January 15, 2008
Citi's Earnings better than Expected!
If you call a $9.83 loss and $18.1 Billion in write downs better that expected, then sure!
So far Citi's write downs total $24.1 billion or 20% of its book value. But that is not newsworthy, it was expected, actually some analyst called the write downs better than expected as they were expecting figures in the neighborhood of $25 billion for this quarter alone.
The bank also will raise another round of capital of $14.5 billion that will bring total capital raised to $22 billion. This will represent 15% ownership dilution to the bank shareholders. However, you can argue that the dilution is already priced in the stock as it declined by 46% in one year, while the banking index declined 25% for the same period.

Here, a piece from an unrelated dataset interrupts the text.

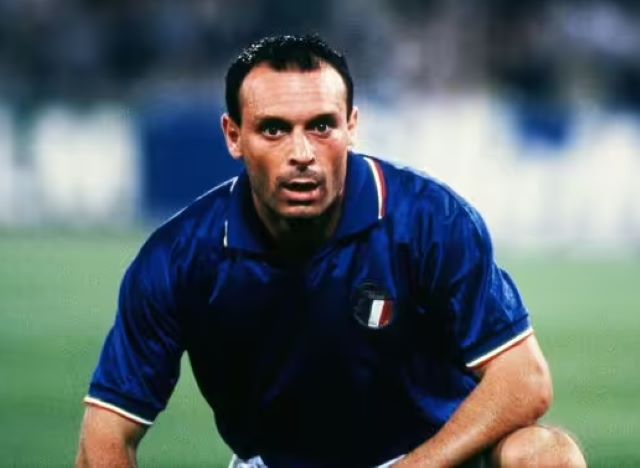 S-a stins legendarul Totò Schillaci 3 S-a stins legendarul Totò Schillaci | MyTex.ro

Citi also made the right move by cutting its dividend by 41% to $.32 from $.54. That represent a boost to its capital of another $4.5 billion annually. This was a tough call but much needed. I would have rather the bank cut the dividend altogether than raise outside dilutive capital. With a dividend cut you would take a temporary decline in the stock price, but it can recover with a well implemented turnaround plan. However with equity dilution it is permanent.
However the more disappointing news is there was no announcement to their future plans regarding job cuts, assets sales and turnaround plans.
The bank has one of best international assets around but it is big, poorly managed and lacks a vision. If the new CEO can pull a vision to unite banking units and stream operations, the business will be a huge success and shareholders will be rewarded tremendously. So lets wait and see if a turnaround plan will be articulated before investing in Citi.
I hope that Citi has thrown the kitchen sink in this quarter. I am sure that a lot of investors do not want to hear any more write downs or mortgage losses in the future, as it will be very disheartening.